Recorded information –
************

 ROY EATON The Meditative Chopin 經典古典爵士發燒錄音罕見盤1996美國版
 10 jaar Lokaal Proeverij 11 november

************

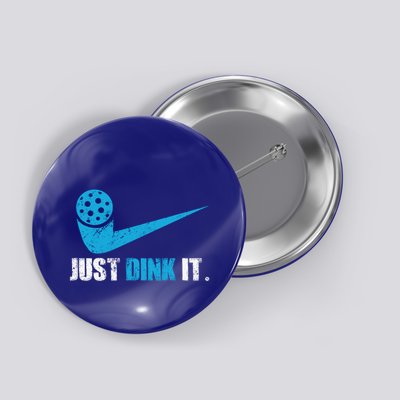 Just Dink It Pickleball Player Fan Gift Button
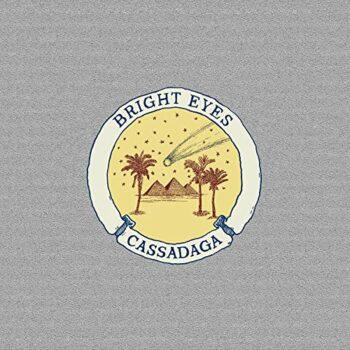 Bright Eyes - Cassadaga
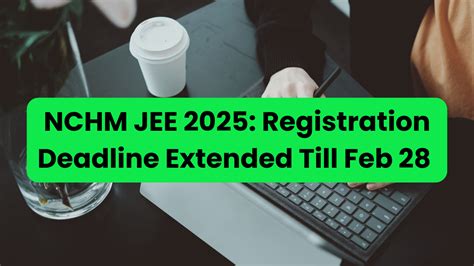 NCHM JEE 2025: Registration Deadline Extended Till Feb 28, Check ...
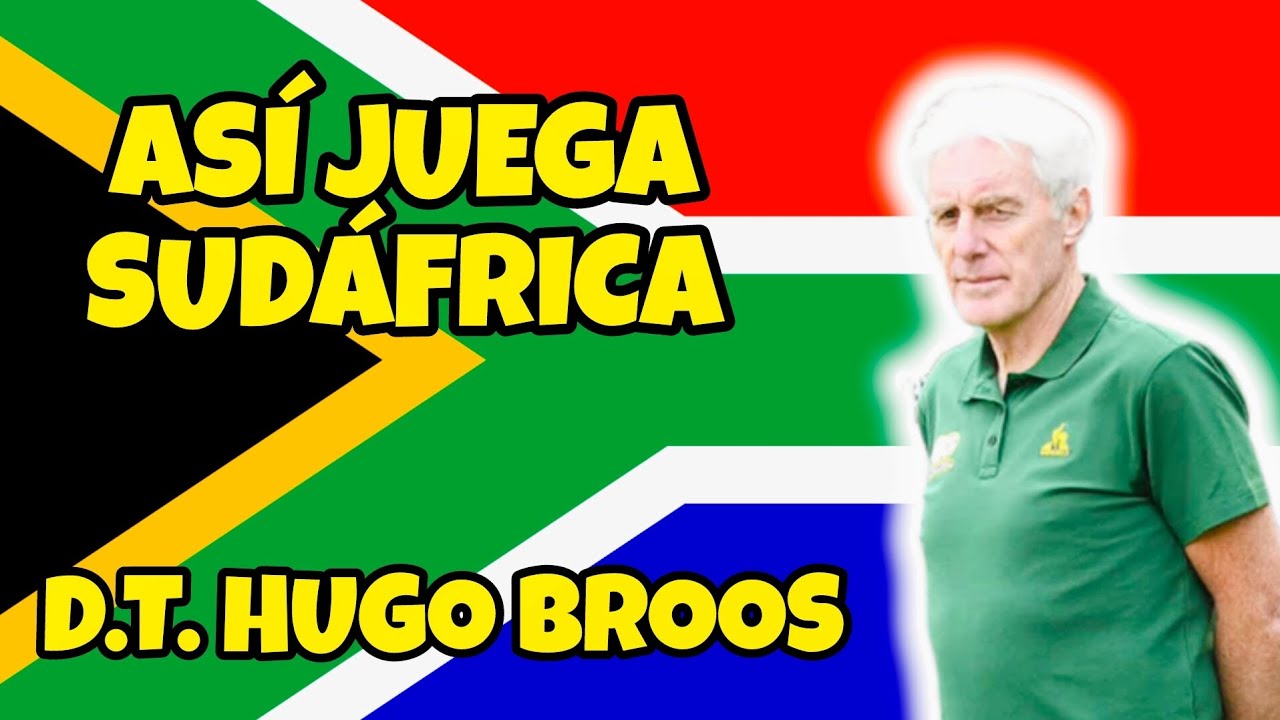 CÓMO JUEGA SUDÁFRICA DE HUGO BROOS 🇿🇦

************

Task statement – Copy the records above exactly, beginning at the line that contains "ROY EATON The" and stopping after the line that contains "10 jaar Lokaal Proeverij 11 november".

Response below –
 ROY EATON The Meditative Chopin 經典古典爵士發燒錄音罕見盤1996美國版
 10 jaar Lokaal Proeverij 11 november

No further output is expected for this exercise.